By Dharamraj Dhutia
MUMBAI (Reuters) -The Reserve Bank of India’s aggressive dollar sales to defend the rupee are draining liquidity from the banking system, prompting calls for bond purchases to ease the strain, ten traders and economists told Reuters.
The RBI has scope to buy 1 trillion–1.5 trillion rupees ($11.3–$17.1 billion) of government bonds, citing a shrinking liquidity surplus even as the central bank signals policy space to support growth, they said.
Predictable and surplus liquidity is important to keep rates low in the Indian economy which is facing pressures from U.S. tariffs and slow capital flows.
“The potential OMO purchase space has expanded to 1-1.5 trillion rupees up from 500-700 billion rupees,” Samiran Chakraborty, chief India economist at Citi wrote in a note on Monday.
“We anticipate an OMO announcement following a ‘price’ signal from rising yields/overnight rates or potentially at the December MPC meet to offset a status-quo on rates,” he said.
The central bank will meet banks and dealers this week, Reuters reported.
The RBI had last conducted OMO purchases in May, and bought bonds worth 2.4 trillion rupees in the first half.

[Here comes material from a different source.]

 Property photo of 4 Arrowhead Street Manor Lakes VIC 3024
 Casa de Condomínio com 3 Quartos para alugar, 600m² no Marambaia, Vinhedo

Last week, the central bank rejected bids for a bond auction, signalling its discomfort with higher yields.
India’s banking system liquidity surplus fell to its lowest this fiscal year in October, despite inflows from a cash reserve ratio cut announced in June.
Durable liquidity declined from 5.2 trillion rupees ($59 billion) on Sept. 19 to 3.6 trillion rupees on Oct. 17 and could slip further to around 3.3 trillion rupees by Oct. 24, Citi said in a note.
Traders estimate the RBI’s dollar sales to defend the rupee have drained 1.5–2 trillion rupees from the system this month. The rupee hit a record low of 88.80 in October and has stayed near that level, supported mainly by central bank intervention.
Short-term bond yields and money market rates have stayed firm despite sharp RBI rate cuts. Yields fell on Tuesday amid speculation of central bank bond purchases.
IDFC First Bank expects the RBI to buy about 2 trillion rupees of bonds over the next five months.
“Despite not very favourable demand-supply dynamics, some of the upward pressure on yields could reduce due to expected OMO purchases as support from rate cut expectations will be limited as majority of the cycle is behind us,” said Gaura Sen Gupta, chief economist at IDFC First Bank.